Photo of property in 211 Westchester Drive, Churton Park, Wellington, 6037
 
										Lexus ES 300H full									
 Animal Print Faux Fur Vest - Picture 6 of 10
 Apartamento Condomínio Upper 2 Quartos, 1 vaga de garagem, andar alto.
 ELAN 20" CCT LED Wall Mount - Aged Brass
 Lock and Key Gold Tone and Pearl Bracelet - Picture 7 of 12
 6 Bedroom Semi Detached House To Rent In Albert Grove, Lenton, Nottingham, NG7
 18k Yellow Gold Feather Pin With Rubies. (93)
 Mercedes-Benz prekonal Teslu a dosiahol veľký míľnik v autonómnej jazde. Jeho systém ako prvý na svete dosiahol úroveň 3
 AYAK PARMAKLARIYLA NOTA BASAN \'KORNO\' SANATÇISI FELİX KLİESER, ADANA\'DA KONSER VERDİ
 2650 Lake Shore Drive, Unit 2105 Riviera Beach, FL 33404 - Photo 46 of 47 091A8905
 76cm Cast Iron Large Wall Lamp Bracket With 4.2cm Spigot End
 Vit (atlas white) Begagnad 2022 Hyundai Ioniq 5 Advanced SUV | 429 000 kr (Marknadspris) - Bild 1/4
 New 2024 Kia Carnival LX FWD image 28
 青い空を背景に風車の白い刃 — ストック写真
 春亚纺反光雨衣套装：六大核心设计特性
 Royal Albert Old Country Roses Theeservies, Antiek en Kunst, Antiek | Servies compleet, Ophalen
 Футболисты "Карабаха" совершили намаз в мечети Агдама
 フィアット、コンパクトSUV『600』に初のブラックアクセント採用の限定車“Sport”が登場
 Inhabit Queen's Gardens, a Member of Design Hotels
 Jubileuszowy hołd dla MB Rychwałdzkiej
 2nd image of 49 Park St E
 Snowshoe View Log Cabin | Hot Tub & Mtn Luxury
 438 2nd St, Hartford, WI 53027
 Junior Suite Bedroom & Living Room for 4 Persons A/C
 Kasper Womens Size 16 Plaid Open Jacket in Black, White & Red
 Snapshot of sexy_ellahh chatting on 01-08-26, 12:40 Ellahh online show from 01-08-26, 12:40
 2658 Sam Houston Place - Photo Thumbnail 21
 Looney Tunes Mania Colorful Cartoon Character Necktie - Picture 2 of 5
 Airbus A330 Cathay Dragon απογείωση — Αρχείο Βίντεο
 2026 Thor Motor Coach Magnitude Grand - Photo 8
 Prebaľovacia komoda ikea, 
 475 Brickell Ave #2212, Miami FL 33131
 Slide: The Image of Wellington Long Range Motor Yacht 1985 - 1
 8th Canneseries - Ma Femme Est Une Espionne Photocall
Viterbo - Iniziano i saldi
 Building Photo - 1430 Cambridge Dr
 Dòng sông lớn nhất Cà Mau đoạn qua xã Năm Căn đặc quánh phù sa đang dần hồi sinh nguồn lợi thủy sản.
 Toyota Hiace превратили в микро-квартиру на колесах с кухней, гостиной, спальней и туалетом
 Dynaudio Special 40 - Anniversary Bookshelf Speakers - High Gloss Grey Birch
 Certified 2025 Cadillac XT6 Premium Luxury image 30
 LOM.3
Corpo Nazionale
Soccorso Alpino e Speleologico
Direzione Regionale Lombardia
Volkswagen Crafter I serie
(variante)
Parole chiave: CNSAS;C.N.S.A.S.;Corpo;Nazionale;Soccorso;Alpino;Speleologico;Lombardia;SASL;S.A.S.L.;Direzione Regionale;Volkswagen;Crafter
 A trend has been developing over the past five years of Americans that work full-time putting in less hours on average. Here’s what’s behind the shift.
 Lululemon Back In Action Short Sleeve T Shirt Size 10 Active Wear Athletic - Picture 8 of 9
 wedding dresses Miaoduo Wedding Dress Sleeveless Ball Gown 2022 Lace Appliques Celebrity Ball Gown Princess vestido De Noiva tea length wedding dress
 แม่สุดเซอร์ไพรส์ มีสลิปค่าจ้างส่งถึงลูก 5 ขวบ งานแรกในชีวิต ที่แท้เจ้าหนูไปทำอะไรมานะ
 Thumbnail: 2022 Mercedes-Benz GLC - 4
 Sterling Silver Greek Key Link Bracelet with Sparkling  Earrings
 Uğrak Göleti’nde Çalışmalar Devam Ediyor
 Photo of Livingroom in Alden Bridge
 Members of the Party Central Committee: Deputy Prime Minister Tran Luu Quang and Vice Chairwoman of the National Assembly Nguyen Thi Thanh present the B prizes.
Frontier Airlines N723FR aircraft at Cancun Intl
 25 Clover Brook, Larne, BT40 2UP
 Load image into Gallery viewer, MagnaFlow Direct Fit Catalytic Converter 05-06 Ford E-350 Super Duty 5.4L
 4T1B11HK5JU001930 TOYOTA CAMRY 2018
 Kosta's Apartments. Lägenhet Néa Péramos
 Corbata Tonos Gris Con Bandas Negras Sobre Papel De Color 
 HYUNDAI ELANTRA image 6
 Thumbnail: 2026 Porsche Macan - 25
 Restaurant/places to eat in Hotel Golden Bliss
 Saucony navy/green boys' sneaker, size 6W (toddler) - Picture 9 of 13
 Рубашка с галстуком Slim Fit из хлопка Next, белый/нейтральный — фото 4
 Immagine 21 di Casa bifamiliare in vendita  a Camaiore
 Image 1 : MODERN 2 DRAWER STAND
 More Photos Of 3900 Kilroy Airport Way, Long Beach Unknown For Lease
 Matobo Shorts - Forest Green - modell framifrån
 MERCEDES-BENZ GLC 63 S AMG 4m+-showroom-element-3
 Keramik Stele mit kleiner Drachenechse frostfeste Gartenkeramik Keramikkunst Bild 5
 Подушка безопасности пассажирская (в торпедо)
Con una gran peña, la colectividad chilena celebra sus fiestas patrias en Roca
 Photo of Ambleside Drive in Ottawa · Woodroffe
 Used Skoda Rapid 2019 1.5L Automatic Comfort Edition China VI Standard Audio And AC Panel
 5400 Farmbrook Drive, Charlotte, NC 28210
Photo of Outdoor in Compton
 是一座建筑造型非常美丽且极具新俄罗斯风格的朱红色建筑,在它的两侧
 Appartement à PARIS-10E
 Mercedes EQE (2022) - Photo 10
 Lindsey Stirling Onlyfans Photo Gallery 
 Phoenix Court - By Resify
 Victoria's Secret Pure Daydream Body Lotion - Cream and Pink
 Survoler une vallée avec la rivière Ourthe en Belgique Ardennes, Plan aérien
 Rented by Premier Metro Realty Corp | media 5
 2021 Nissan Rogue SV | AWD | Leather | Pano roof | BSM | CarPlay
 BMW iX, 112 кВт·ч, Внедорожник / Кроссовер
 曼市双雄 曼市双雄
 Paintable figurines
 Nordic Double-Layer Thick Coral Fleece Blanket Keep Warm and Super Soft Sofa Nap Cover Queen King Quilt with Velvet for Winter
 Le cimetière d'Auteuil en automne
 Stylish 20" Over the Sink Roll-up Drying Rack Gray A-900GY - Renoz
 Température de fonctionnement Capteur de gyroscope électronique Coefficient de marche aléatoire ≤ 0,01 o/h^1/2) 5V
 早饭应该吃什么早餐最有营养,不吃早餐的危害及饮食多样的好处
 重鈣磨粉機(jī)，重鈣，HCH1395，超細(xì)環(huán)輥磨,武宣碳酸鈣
......
#### WHAT THE TASK REQUIRES
The task requires an exact transcription of all the data.

#### SOLVED EXERCISE
Photo of property in 211 Westchester Drive, Churton Park, Wellington, 6037
 
										Lexus ES 300H full									
 Animal Print Faux Fur Vest - Picture 6 of 10
 Apartamento Condomínio Upper 2 Quartos, 1 vaga de garagem, andar alto.
 ELAN 20" CCT LED Wall Mount - Aged Brass
 Lock and Key Gold Tone and Pearl Bracelet - Picture 7 of 12
 6 Bedroom Semi Detached House To Rent In Albert Grove, Lenton, Nottingham, NG7
 18k Yellow Gold Feather Pin With Rubies. (93)
 Mercedes-Benz prekonal Teslu a dosiahol veľký míľnik v autonómnej jazde. Jeho systém ako prvý na svete dosiahol úroveň 3
 AYAK PARMAKLARIYLA NOTA BASAN \'KORNO\' SANATÇISI FELİX KLİESER, ADANA\'DA KONSER VERDİ
 2650 Lake Shore Drive, Unit 2105 Riviera Beach, FL 33404 - Photo 46 of 47 091A8905
 76cm Cast Iron Large Wall Lamp Bracket With 4.2cm Spigot End
 Vit (atlas white) Begagnad 2022 Hyundai Ioniq 5 Advanced SUV | 429 000 kr (Marknadspris) - Bild 1/4
 New 2024 Kia Carnival LX FWD image 28
 青い空を背景に風車の白い刃 — ストック写真
 春亚纺反光雨衣套装：六大核心设计特性
 Royal Albert Old Country Roses Theeservies, Antiek en Kunst, Antiek | Servies compleet, Ophalen
 Футболисты "Карабаха" совершили намаз в мечети Агдама
 フィアット、コンパクトSUV『600』に初のブラックアクセント採用の限定車“Sport”が登場
 Inhabit Queen's Gardens, a Member of Design Hotels
 Jubileuszowy hołd dla MB Rychwałdzkiej
 2nd image of 49 Park St E
 Snowshoe View Log Cabin | Hot Tub & Mtn Luxury
 438 2nd St, Hartford, WI 53027
 Junior Suite Bedroom & Living Room for 4 Persons A/C
 Kasper Womens Size 16 Plaid Open Jacket in Black, White & Red
 Snapshot of sexy_ellahh chatting on 01-08-26, 12:40 Ellahh online show from 01-08-26, 12:40
 2658 Sam Houston Place - Photo Thumbnail 21
 Looney Tunes Mania Colorful Cartoon Character Necktie - Picture 2 of 5
 Airbus A330 Cathay Dragon απογείωση — Αρχείο Βίντεο
 2026 Thor Motor Coach Magnitude Grand - Photo 8
 Prebaľovacia komoda ikea, 
 475 Brickell Ave #2212, Miami FL 33131
 Slide: The Image of Wellington Long Range Motor Yacht 1985 - 1
 8th Canneseries - Ma Femme Est Une Espionne Photocall
Viterbo - Iniziano i saldi
 Building Photo - 1430 Cambridge Dr
 Dòng sông lớn nhất Cà Mau đoạn qua xã Năm Căn đặc quánh phù sa đang dần hồi sinh nguồn lợi thủy sản.
 Toyota Hiace превратили в микро-квартиру на колесах с кухней, гостиной, спальней и туалетом
 Dynaudio Special 40 - Anniversary Bookshelf Speakers - High Gloss Grey Birch
 Certified 2025 Cadillac XT6 Premium Luxury image 30
 LOM.3
Corpo Nazionale
Soccorso Alpino e Speleologico
Direzione Regionale Lombardia
Volkswagen Crafter I serie
(variante)
Parole chiave: CNSAS;C.N.S.A.S.;Corpo;Nazionale;Soccorso;Alpino;Speleologico;Lombardia;SASL;S.A.S.L.;Direzione Regionale;Volkswagen;Crafter
 A trend has been developing over the past five years of Americans that work full-time putting in less hours on average. Here’s what’s behind the shift.
 Lululemon Back In Action Short Sleeve T Shirt Size 10 Active Wear Athletic - Picture 8 of 9
 wedding dresses Miaoduo Wedding Dress Sleeveless Ball Gown 2022 Lace Appliques Celebrity Ball Gown Princess vestido De Noiva tea length wedding dress
 แม่สุดเซอร์ไพรส์ มีสลิปค่าจ้างส่งถึงลูก 5 ขวบ งานแรกในชีวิต ที่แท้เจ้าหนูไปทำอะไรมานะ
 Thumbnail: 2022 Mercedes-Benz GLC - 4
 Sterling Silver Greek Key Link Bracelet with Sparkling  Earrings
 Uğrak Göleti’nde Çalışmalar Devam Ediyor
 Photo of Livingroom in Alden Bridge
 Members of the Party Central Committee: Deputy Prime Minister Tran Luu Quang and Vice Chairwoman of the National Assembly Nguyen Thi Thanh present the B prizes.
Frontier Airlines N723FR aircraft at Cancun Intl
 25 Clover Brook, Larne, BT40 2UP
 Load image into Gallery viewer, MagnaFlow Direct Fit Catalytic Converter 05-06 Ford E-350 Super Duty 5.4L
 4T1B11HK5JU001930 TOYOTA CAMRY 2018
 Kosta's Apartments. Lägenhet Néa Péramos
 Corbata Tonos Gris Con Bandas Negras Sobre Papel De Color 
 HYUNDAI ELANTRA image 6
 Thumbnail: 2026 Porsche Macan - 25
 Restaurant/places to eat in Hotel Golden Bliss
 Saucony navy/green boys' sneaker, size 6W (toddler) - Picture 9 of 13
 Рубашка с галстуком Slim Fit из хлопка Next, белый/нейтральный — фото 4
 Immagine 21 di Casa bifamiliare in vendita  a Camaiore
 Image 1 : MODERN 2 DRAWER STAND
 More Photos Of 3900 Kilroy Airport Way, Long Beach Unknown For Lease
 Matobo Shorts - Forest Green - modell framifrån
 MERCEDES-BENZ GLC 63 S AMG 4m+-showroom-element-3
 Keramik Stele mit kleiner Drachenechse frostfeste Gartenkeramik Keramikkunst Bild 5
 Подушка безопасности пассажирская (в торпедо)
Con una gran peña, la colectividad chilena celebra sus fiestas patrias en Roca
 Photo of Ambleside Drive in Ottawa · Woodroffe
 Used Skoda Rapid 2019 1.5L Automatic Comfort Edition China VI Standard Audio And AC Panel
 5400 Farmbrook Drive, Charlotte, NC 28210
Photo of Outdoor in Compton
 是一座建筑造型非常美丽且极具新俄罗斯风格的朱红色建筑,在它的两侧
 Appartement à PARIS-10E
 Mercedes EQE (2022) - Photo 10
 Lindsey Stirling Onlyfans Photo Gallery 
 Phoenix Court - By Resify
 Victoria's Secret Pure Daydream Body Lotion - Cream and Pink
 Survoler une vallée avec la rivière Ourthe en Belgique Ardennes, Plan aérien
 Rented by Premier Metro Realty Corp | media 5
 2021 Nissan Rogue SV | AWD | Leather | Pano roof | BSM | CarPlay
 BMW iX, 112 кВт·ч, Внедорожник / Кроссовер
 曼市双雄 曼市双雄
 Paintable figurines
 Nordic Double-Layer Thick Coral Fleece Blanket Keep Warm and Super Soft Sofa Nap Cover Queen King Quilt with Velvet for Winter
 Le cimetière d'Auteuil en automne
 Stylish 20" Over the Sink Roll-up Drying Rack Gray A-900GY - Renoz
 Température de fonctionnement Capteur de gyroscope électronique Coefficient de marche aléatoire ≤ 0,01 o/h^1/2) 5V
 早饭应该吃什么早餐最有营养,不吃早餐的危害及饮食多样的好处
 重鈣磨粉機(jī)，重鈣，HCH1395，超細(xì)環(huán)輥磨,武宣碳酸鈣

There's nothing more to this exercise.